• **DATA EXCERPT**

+ + +

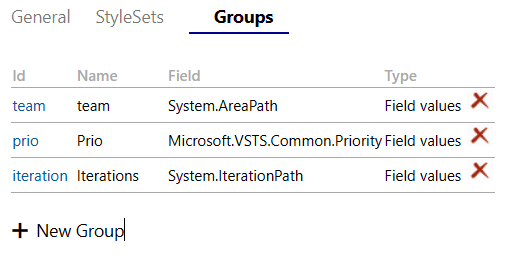 Groups Directory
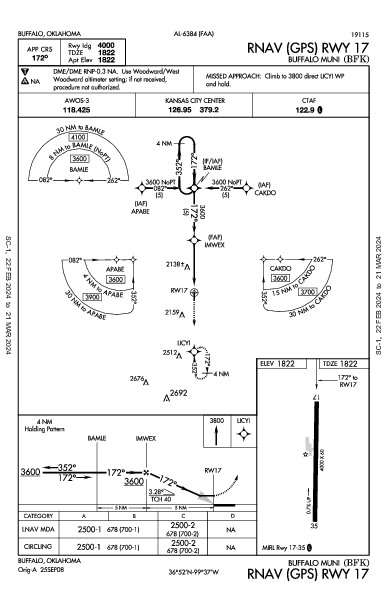 Buffalo Muni Buffalo, OK (KBFK): RNAV (GPS) RWY 17 (IAP)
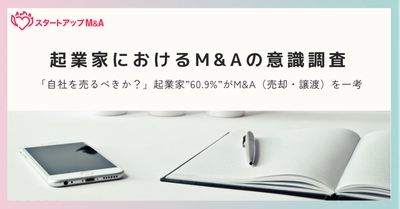 起業家265人に「M&Aに関する意識調査」を実施　 “58.5％”が自社の売却や譲渡を過去に考えたことがあると回答！
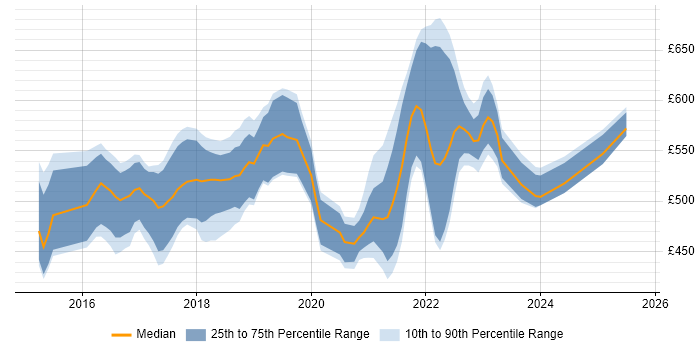 Contractor daily rate distribution trend for jobs in London citing vRealize Orchestrator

+ + +

• **WORK ITEM**
Return every line above exactly, omitting images.

• **ANSWER TO THE PROBLEM**
 Groups Directory
 Buffalo Muni Buffalo, OK (KBFK): RNAV (GPS) RWY 17 (IAP)
 起業家265人に「M&Aに関する意識調査」を実施　 “58.5％”が自社の売却や譲渡を過去に考えたことがあると回答！
 Contractor daily rate distribution trend for jobs in London citing vRealize Orchestrator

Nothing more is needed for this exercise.